22 July 2009

INTRAMURAL LIFE LESSONS

A matter about which many people intimate in their complaints about schooling is something known as the "hidden curriculum." (Yes, I am returned from three weeks in England--one-week pure travel and two archeologizing in the cold mud at a Roman Fort searching for Hadrian's footprints.)

Usually reference to the hidden curriculum is used in the negative sense; e.g., the Hard Times, undemocratic, classist, sexist, racist, ageist, and particularly today, the sexual-orientationist messages (heteronormativity is rampant in schools; witness the popular teen pronouncement, "That's gay") which reverberate between and around the walls of American schools. And, yes, I am sure that a hidden message is conveyed that war is good for all good children and American democracy. Contra that message, one of my favorite sayings, readily repeated to my students, concerning war, is WWII correspondent Ernie Pyle's pithy observation that, "War is hell." (Later, Pyle was machine-gunned in the head and buried with his helmet and boots on.)
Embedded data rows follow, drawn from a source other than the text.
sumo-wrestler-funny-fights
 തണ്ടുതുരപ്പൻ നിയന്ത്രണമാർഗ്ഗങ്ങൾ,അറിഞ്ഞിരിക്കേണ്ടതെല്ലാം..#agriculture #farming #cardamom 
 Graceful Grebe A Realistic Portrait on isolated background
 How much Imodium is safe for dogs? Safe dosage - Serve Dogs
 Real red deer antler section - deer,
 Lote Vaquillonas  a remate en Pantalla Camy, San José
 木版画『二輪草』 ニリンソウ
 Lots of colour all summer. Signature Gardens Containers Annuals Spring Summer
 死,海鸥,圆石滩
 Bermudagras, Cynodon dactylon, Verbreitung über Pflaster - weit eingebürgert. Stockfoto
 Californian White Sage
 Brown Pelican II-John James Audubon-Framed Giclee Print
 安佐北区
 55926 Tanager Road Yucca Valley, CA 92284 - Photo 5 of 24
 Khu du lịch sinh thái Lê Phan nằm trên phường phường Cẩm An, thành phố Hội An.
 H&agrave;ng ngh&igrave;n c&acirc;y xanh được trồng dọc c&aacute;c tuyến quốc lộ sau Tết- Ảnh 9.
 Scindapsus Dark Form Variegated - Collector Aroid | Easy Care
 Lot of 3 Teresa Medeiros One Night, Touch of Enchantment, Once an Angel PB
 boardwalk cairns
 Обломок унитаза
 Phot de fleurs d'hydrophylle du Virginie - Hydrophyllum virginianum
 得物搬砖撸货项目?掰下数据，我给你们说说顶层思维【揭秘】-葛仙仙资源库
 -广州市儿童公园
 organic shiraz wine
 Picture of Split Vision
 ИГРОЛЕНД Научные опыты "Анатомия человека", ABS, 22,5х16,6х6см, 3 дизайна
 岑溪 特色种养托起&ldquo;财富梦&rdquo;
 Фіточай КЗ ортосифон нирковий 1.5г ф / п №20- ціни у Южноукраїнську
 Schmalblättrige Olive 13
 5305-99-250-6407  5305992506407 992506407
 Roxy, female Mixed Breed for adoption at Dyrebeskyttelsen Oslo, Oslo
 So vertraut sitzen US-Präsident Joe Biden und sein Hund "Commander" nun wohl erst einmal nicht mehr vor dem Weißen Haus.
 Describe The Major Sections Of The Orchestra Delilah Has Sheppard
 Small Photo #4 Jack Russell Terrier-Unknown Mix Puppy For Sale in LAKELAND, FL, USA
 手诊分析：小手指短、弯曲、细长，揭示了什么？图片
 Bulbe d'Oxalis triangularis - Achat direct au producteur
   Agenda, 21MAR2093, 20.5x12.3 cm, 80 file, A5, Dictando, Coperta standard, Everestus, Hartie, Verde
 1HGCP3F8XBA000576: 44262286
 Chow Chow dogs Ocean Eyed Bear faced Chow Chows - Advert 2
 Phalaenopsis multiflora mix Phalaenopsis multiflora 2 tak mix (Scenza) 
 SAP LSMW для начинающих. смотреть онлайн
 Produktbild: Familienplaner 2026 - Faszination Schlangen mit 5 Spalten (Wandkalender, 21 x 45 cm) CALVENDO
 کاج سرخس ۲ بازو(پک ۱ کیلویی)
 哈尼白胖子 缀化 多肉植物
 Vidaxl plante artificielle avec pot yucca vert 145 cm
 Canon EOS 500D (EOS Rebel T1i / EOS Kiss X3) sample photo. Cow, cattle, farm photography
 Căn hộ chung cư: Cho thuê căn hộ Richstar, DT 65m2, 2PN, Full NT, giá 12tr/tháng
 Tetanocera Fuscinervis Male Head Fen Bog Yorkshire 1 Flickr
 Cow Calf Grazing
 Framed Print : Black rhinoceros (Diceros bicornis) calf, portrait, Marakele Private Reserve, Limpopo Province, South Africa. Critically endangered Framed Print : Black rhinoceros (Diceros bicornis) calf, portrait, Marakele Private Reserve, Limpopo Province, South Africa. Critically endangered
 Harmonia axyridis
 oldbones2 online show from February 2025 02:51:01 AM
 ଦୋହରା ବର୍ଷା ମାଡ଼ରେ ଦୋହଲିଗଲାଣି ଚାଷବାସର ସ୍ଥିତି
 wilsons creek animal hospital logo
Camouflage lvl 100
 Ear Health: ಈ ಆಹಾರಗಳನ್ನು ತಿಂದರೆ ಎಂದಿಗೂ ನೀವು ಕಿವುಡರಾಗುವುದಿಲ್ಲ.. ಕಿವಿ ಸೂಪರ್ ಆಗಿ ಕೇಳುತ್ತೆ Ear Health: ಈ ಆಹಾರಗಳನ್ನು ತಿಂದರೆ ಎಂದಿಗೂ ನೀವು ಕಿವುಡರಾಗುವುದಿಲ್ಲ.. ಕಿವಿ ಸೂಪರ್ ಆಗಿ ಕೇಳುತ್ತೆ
What I am aiming for here is that even though I was a rather indifferent K-12 student myself, there were life-enhancing lessons, conveyed by the hidden curriculum which have informed who I am, and, I suspect, who each of you is today. Hopefully, there were sufficiently positive ones to have pointed you toward a life well lived.

In particular, I am reminded of a teacher of math about whose subject matter I cared less than little. In one of his classes I bargained (actually, I rather presumptuously dictated to him) that I would gladly accept a failing grade for the class, if he would acquiesce in my daily retirement to the school auditorium to sit alone and read (at that time science fiction, historical fiction, etc.). I assessed that I had bargained well.

I did not enjoy Mr. Wilcox's class at all, due to the subject matter. However, my point here is that there was a hidden-curriculum lesson that I learned from him: Respect for adults, respect for teachers, respect for people in general, but especially a great deal of respect for him as a person.

Last week we learned that Mr. Wilcox was given two weeks to two months to live. Here is what I wrote on our class website earlier this (late) morning:

Classmates,
I have recently returned from some travel and read (checking my email at a public library in northeast England) with disquiet the medical update on Mr. Wilcox. I join you in sending an invocation to the Universe on his behalf.

When we saw Mr. Wilcox at the Class gathering, in May, he was manifestly radiant in the way that some people become when their soul is beginning to wing its way to Elsewhere. The Soul knows. His address to the group just before he left now seems in hindsight to have been a subconsciously knowing farewell to a group of people, his students, who have so many fond and appreciative memories of a teacher about whom we all continue to this day to highly respect. Those of us who were fortunate to have been there to see him at the gathering were transfixed by his brave, from-the-heart, talk.

Carl Jung said that, "One looks with appreciation to the brilliant teachers, but with gratitude to those who touched our human feelings." This you did, Mr. Jim Wilcox, even long after we left your classroom. And for this, we give thanks.

Mr. Wilcox, my math teacher, taught me little math (not his fault). He DID "teach" me an equation to the 10th-power more valuable. You know what it is.